La troisième et dernière table-ronde concernait les pratiques de la justice familiale.

Les débats se fondent sur les études conduites par : Caroline Siffrein-Blanc, du Laboratoire de Droit Privé et de Sciences Criminelles, de l’Université Aix-Marseille ; Blandine Mallevaey, titulaire de la Chaire « Enfance et Familles », à l’Université Catholique de Lille ; Adeline Gouttenoire, directrice du Centre européen de Recherches en droit des Familles, à l’Université de Bordeaux.

Voici ce que nous retenons des apports de Caroline Siffrein-Blanc. Son intervention portait sur les décisions de justice concernant la résidence des enfants, telles que les donnent à voir les Cours d’Appel.

Le maintien des liens de l’enfant aux parents n’apparaît pas comme prioritaire

La CIDE prône l’idée que l’enfant doit être élevé, dans la mesure du possible, par ses deux parents, sans préjugé de genre, et que l’on doit favoriser le maintien des liens. La solution inverse, séparation d’avec un parent, doit être justifiée dans l’intérêt de l’enfant.

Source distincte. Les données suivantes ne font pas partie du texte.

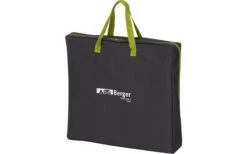 Berger Klappbox Pablo S -Camping Im Freien 165170 2287265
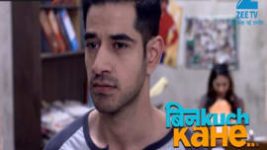 Bin Kuch Kahe S01E81 29th May 2017 Full Episode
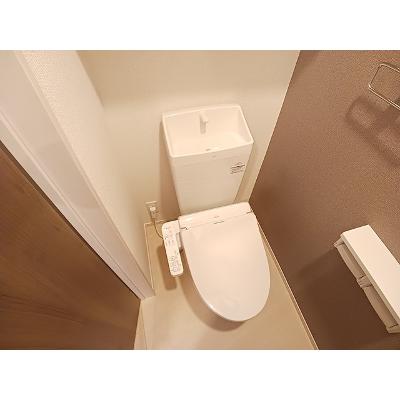 サンシャイン宮の下 201【管理NO：1-028538501-02010】 ★家具家電は申し込み後に搬入します★の物件写真5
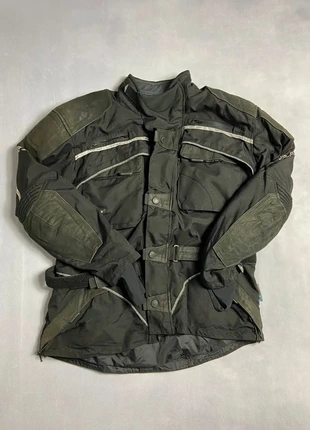 Veste moto cycle Spirit, brand: Cycle Spirit, condizioni: Ottime, taglia: XS, €14.00, €15.40 include la Protezione acquisti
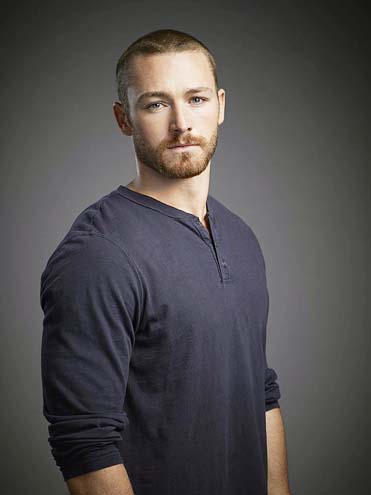 Jake McLaughlin (teigelkampphil)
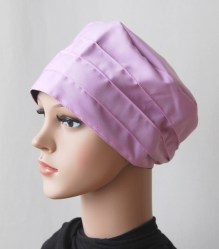 fashion505.jpg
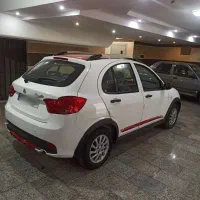 کوییک GxR-l مدل1403 صفر خشک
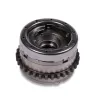 Nockenwellenversteller links Auslassseite HEPU 21-7098 Bild Nockenwellenversteller links Auslassseite HEPU 21-7098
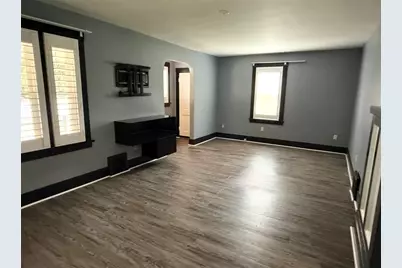 89 Central Ln, Ambridge, PA 15003 - Photo 5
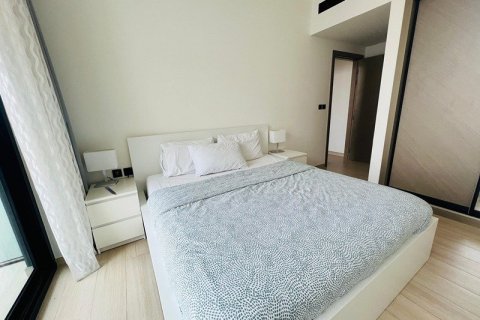 Купить квартиру в Джумейра Вилладж Серкл, Дубай: 2 спальни, 89м², № 96822 - фото 9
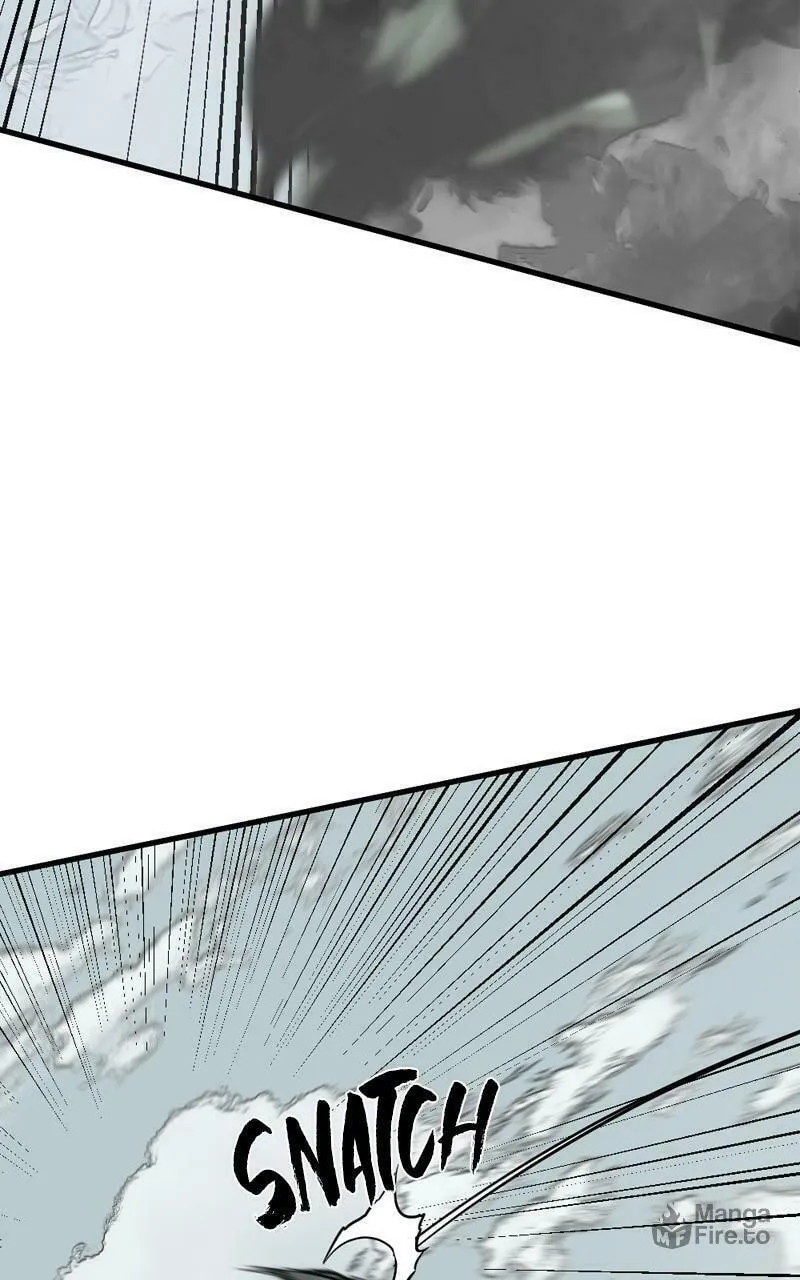 Hero Killer Chapter 149 page 35 - 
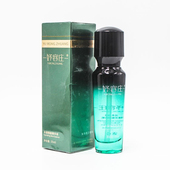 妤容庄水凝焕肤精华液35ml提亮肤色改善肤色不均匀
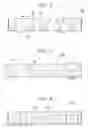 Fig. 04 - Abrasive configuration for fluid dynamic removal of abraded material and the like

Au niveau national, on retrouve cette idée, en matière de filiation et en matière de séparation. On instaure la coparentalité. Les deux parents ont les mêmes droits pour exercer les questions relatives à l’autorité parentale. Ce principe est bien établi et l’exception de l’exercice unilatéral de l’autorité parentale doit être fortement motivée. En revanche, le maintien des liens aux parents après rupture conjugale demeure beaucoup plus souple et n’apparaît pas, dans les pratiques judiciaires, comme étant un principe prioritaire. Le code civil stipule, cependant, que l’enfant doit pouvoir maintenir des liens avec ses deux parents et qu’il revient aux parents de veiller à préserver les relations à l’autre parent.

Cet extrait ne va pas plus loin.